Two of his major recommendations include:
1. Find out who wants to change and learn
“This is a people and culture challenge” says Prugh. “Do you have the right people on the bus? Learning is key, and that needs to take place across all roles.” Traditional management styles in large organizations tend to be process focused, and that leaves out the learning piece. If your organization has been run like this for years, you need to identify the types of people who really like to learn and move them into DevOps roles.
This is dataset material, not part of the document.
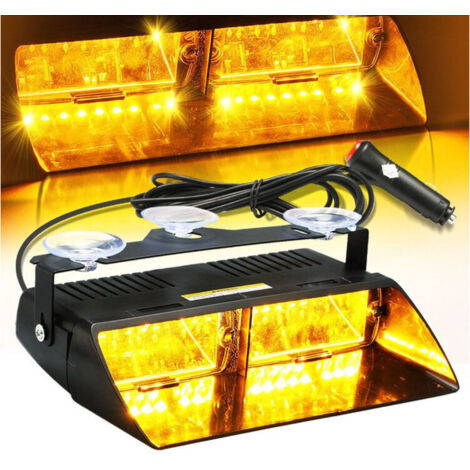 Balise Feu de Détresse Multi couleur 16 LED Application de Loi Lumière Avertissement Stroboscope Clignotant Lampe D'urgence avec la ventouse Pour le toit/le tableau de bord/le pare-brise internes (1/4)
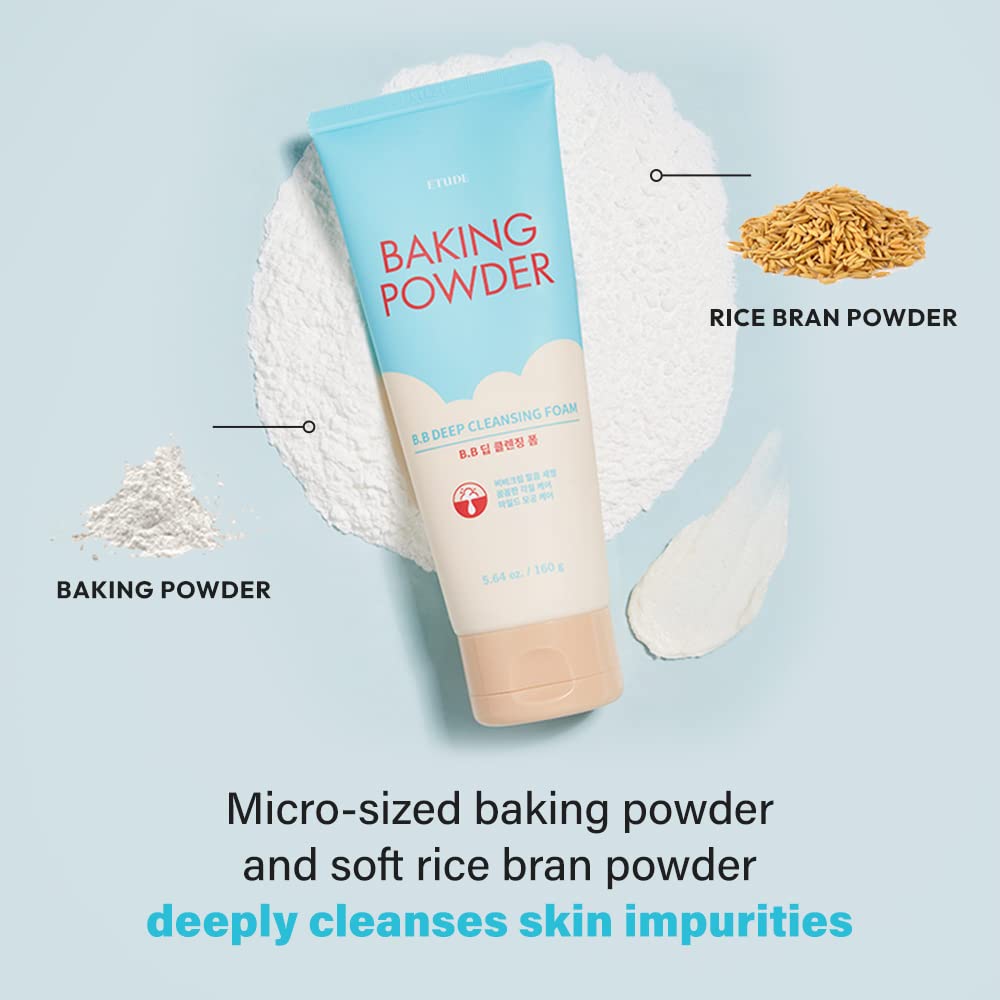 ETUDE Baking Powder B.B Deep Cleansing Foam, 2 in 1 Rice Bran + Baking Powder, Creamy Bubble + Scrub Exfoliate Skin, Fash Wash, Deep Cleanser Beauty & Personal Care ETUDE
2. Bring everything into one view so teams can work with a feature backlog
“This is about work management and visibility, which means you should consider using a Kanban-based change backlog,” Prugh says. The various types of work management systems created to manage different organizations have created an issue when it comes to understanding the full work value stream.
Delivering new features to customers as fast as possible while also managing change and other non-creative work aspects, requires a clear view into status and next-day planning. “How do you brings things into one view so that teams can work with a feature backlog, and use, say, a Kanban change backlog?” Prugh asks. You need to determine how to manage that effectively.
Executive buy-in essential to DevOps at scale
Sometimes agile enthusiasm first bubbles up into the larger organization from individual teams, and higher management then gets on board. But DevOps at scale is most often successful when business leaders become early advocates. They then explain to customers the new level of involvement and commitment to their needs.
"The ops folks, being invited for the first time to discussions like this, were able to speak up about the implications for other projects, things the dev teams weren’t aware of. " — Steve Mayner, SAFe Agile, Inc.
“In one case we saw, the leadership understood the challenges they had been facing historically,” says Mayner. They recognized that this new approach, involving SAFe and DevOps, required new thinking if they wanted a better outcome. So management carved out the time required for the overhead and training. "It was hard to get people all together in the same room, at the same time, to talk about what they want to accomplish in the release train over the next three months,” he says.
New meetings, new breakthroughs
As the customer-facing teams, including leadership, worked to help customers understand how progress happens in two-week sprints, the dev and ops teams at the company worked to better understand each other. Teams that had never worked together held collective breakout sessions to discuss the vision, priorities, and key deliverables.
“That included how they would decompose those features, and figure out what they could accomplish in each sprint,” says Mayner. It was in those team breakouts where the ops folks, being invited for the first time to discussions like this, were able to speak up about the implications for other projects regarding infrastructure and security— challenges about which the dev teams were unaware.
Face-to-face interaction between individuals, which is a core agile concept, make people realize they’re not just a member of a silo but part of a larger, integrated train. "This is when the breakthroughs happen,” Mayner says.